11.2. The Separable case

In Support Vector Machine (SVM), we aim to find a linear decision boundary, but unlike Linear Discriminant Analysis (LDA) and logistic regression, our focus isn’t on modeling conditional or joint distributions. Instead, we are directly modeling the decision boundary.

11.2.1. The Max-Margin Problem

To illustrate this, let’s consider a scenario where we have two groups of points, and we want to create a linear decision boundary to separate them. Our goal is to maximize the separation, making the margin between the two groups as wide as possible.

../_images/w11_linear_sep_1.png

To achieve this, we introduce a solid blue line to separate the two groups of points, and we imagine creating parallel dashed lines on either side of it. We extend these dashed lines until they touch the green/red points on either side, creating a “margin” between them. This margin is essentially an “avenue” that separates the two groups, and we aim to maximize its width.

To formulate this problem mathematically, we start by representing the linear decision boundary (represented by the solid blue line) using coefficients, such as the slope \(\beta\) and the intercept \(\beta_0.\) However, \(\beta\) and \(\beta_0\) are not uniquely determined, as we can scale them or flip their signs and still have the same line. To address this, we take the following steps to fix these parameters.

  • We set the output labels \(y\) to be either +1 or -1. Then require \(y_i (\beta \cdot x_i + \beta_0)\) should always be positive. Here \(\beta \cdot x_i = \beta^t x_i\) represents the Euclidean inner product between two vectors.

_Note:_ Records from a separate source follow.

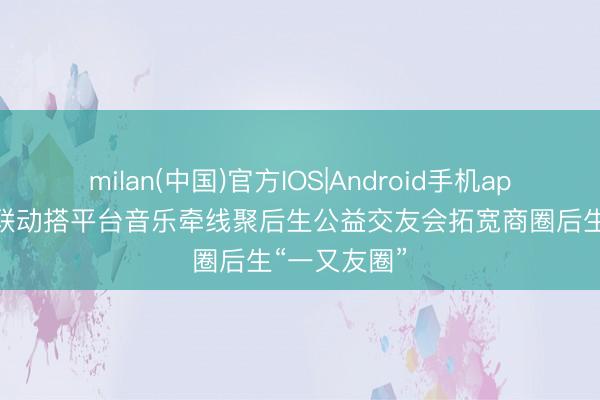 milan(中国)官方IOS|Android手机app下载 社商联动搭平台音乐牵线聚后生公益交友会拓宽商圈后生“一又友圈”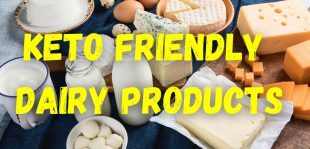 Keto Friendly Dairy Products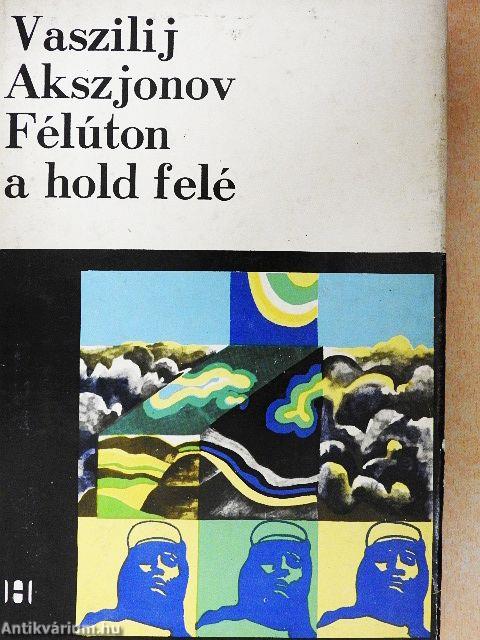 Félúton a hold felé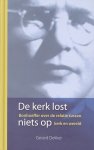 Dekker, Gerard - De kerk lost niets op. Bonhoeffer over de relatie tussen kerk en wereld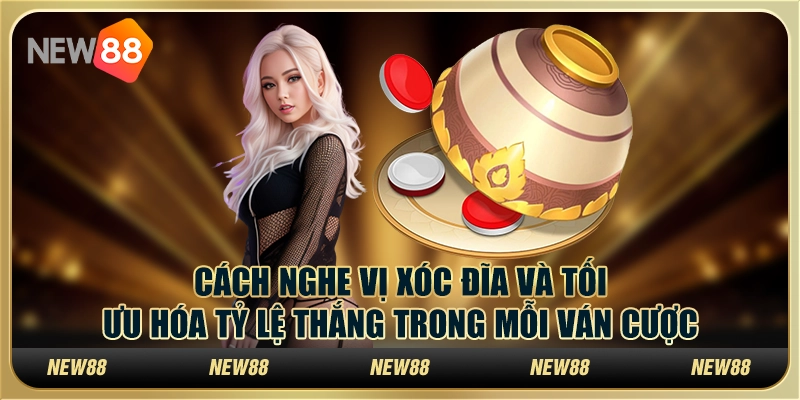 Cách nghe vị xóc đĩa và tối ưu hóa tỷ lệ thắng trong mỗi ván cược
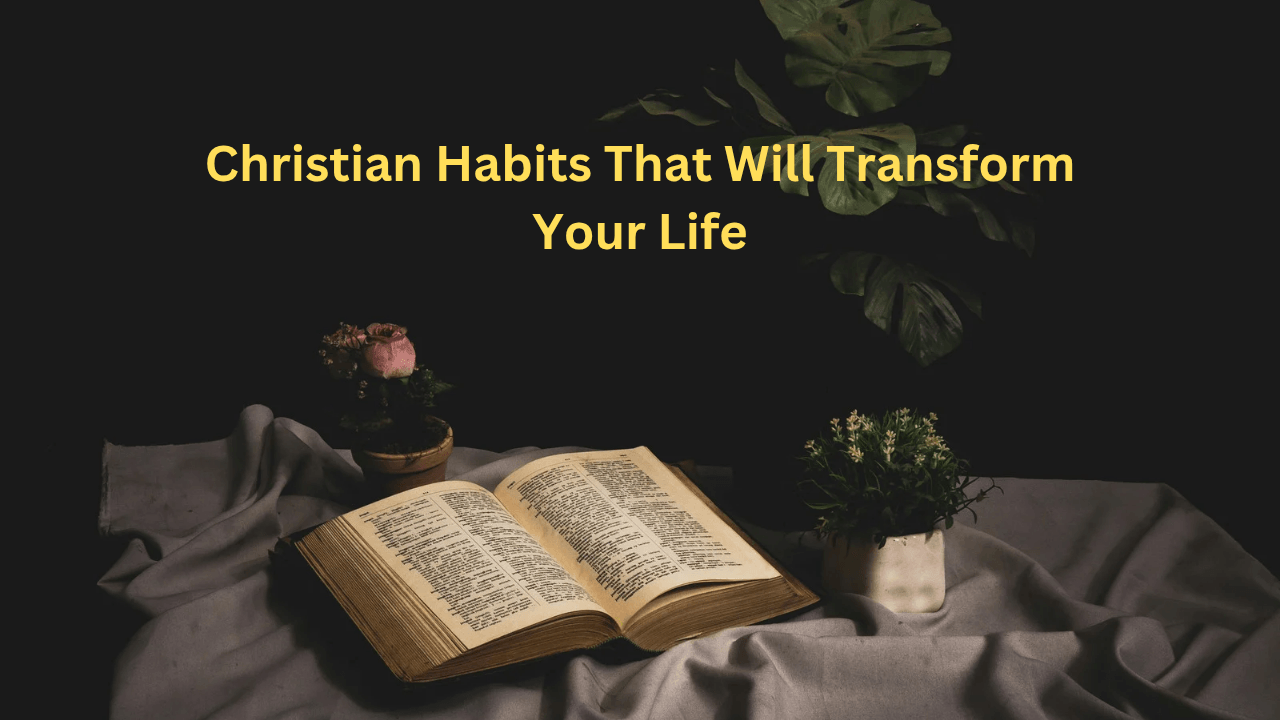 Christian Habits That Will Transform Your Life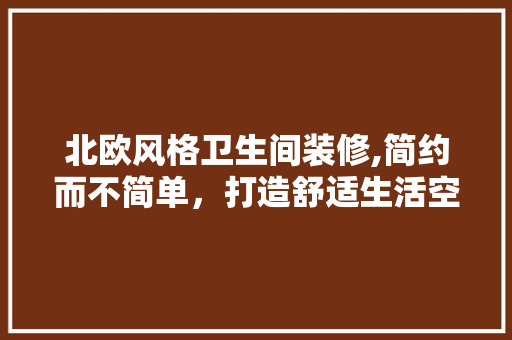 北欧风格卫生间装修,简约而不简单，打造舒适生活空间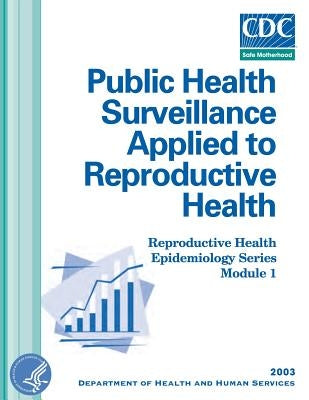 Public Health Surveillance Applied to Reproductive Health by And Human Services, Department of Health
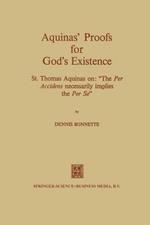 Aquinas’ Proofs for God’s Existence: St. Thomas Aquinas on: “The per Accidens Necessarily Implies the per se”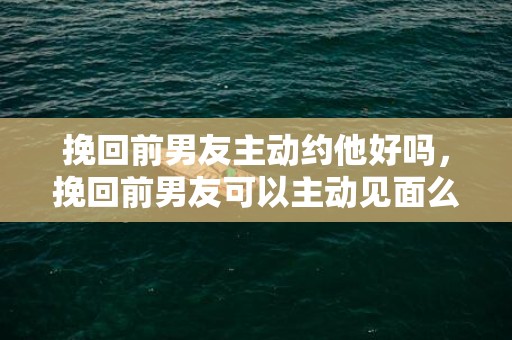 挽回前男友主动约他好吗，挽回前男友可以主动见面么（挽回前男友找对方父母可以吗）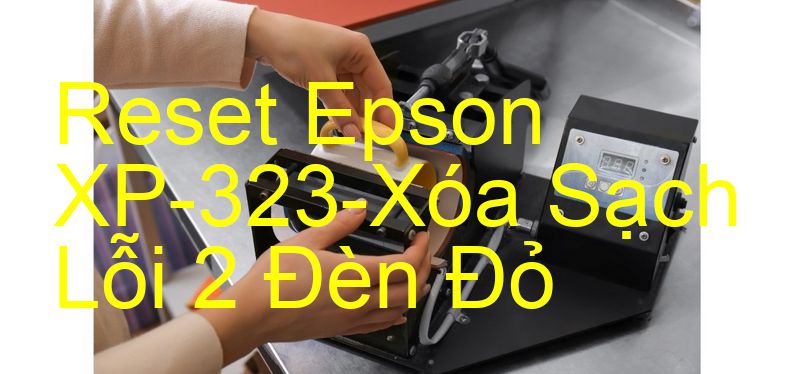 Reset Epson XP-323-Xóa Sạch Lỗi 2 Đèn Đỏ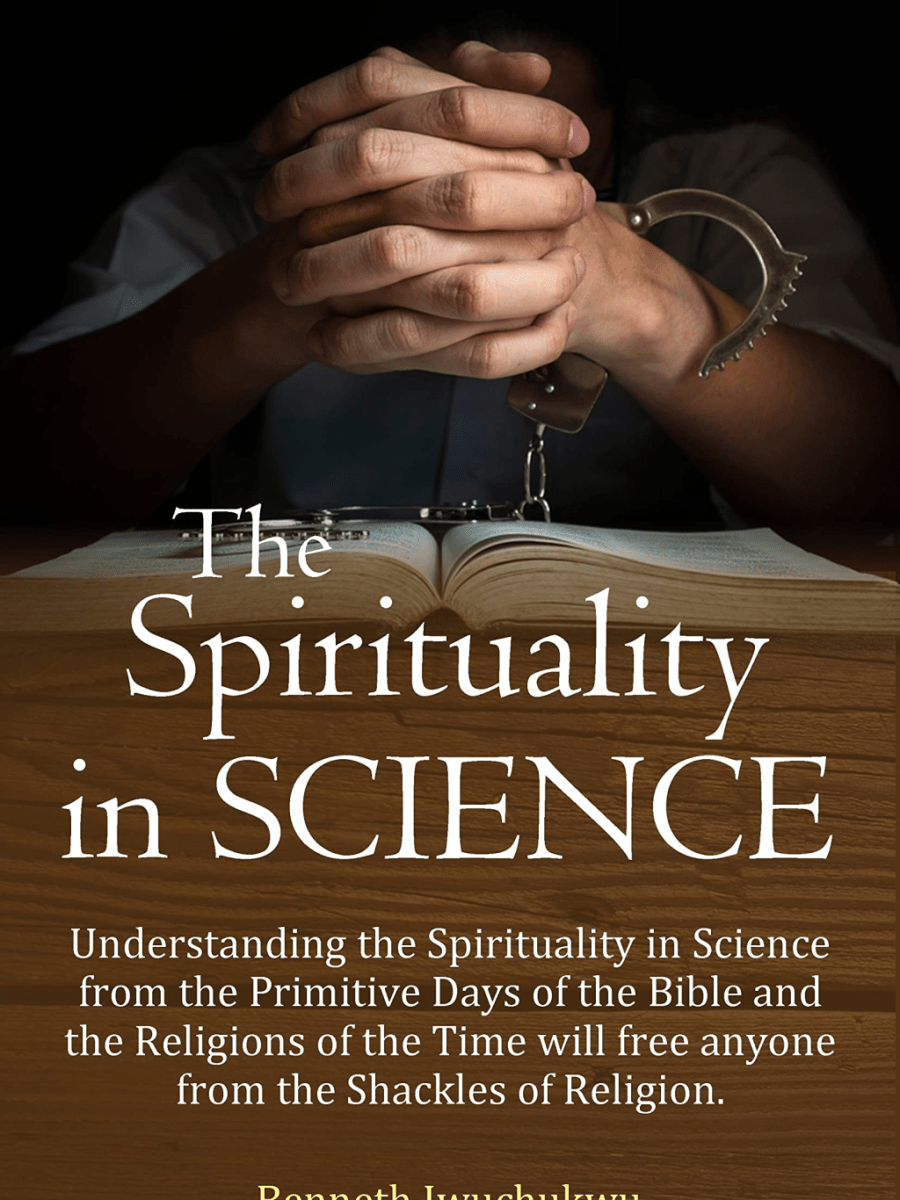 The Spirituality in SCIENCE (Second Edition) by Benneth&nbsp;Iwuchukwu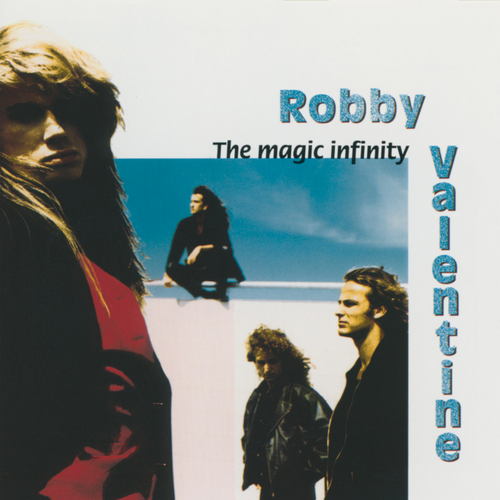 Robby Valentine - The Magic Infinity (Reissue 2020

  • We also need to fix the scale of \(\beta\) and \(\beta_0.\) To do this, we parameterize the two dashed lines on either side of the solid blue line as \(\beta \cdot x + \beta_0 = 1\) and \(\beta \cdot x + \beta_0 = -1\). This scaling fixes the magnitude of \(\beta.\)

../_images/w11_linear_sep_2.png

Next, our objective is to measure the margin or the width of the Avenue between the two groups of points. Note that the distance between the solid and dashed lines is half the width. Recognize that the slope parameter of the line \(\beta\) is orthogonal to both the solid and dashed lines.

../_images/w11_linear_margin.png

To calculate the width of the Avenue, we can pick a point on a dashed line, denoted as \(z\), and another point on the solid line, denoted as \(x\). We then compute the projection of the vector from \(x\) to \(z\) onto the direction of \(\beta\) to find the magnitude of the red bar, representing half of the Avenue’s width.

\[(x - z)^t \frac{\beta}{\| \beta\|} = \frac{x^t \beta - z^t \beta}{\| \beta\|} = \frac{1}{\| \beta\|}.\]

This leads us to the conclusion that half of the Avenue’s width is equal to \(1/\|\beta\|.\) Therefore, to maximize the margin, we can equivalently minimize \(\|\beta\|^2/2.\)

So, our goal becomes an optimization problem (know as the max-margin problem) subject to certain constraints. These constraints ensure that the data points fall on the correct side of the dashed lines.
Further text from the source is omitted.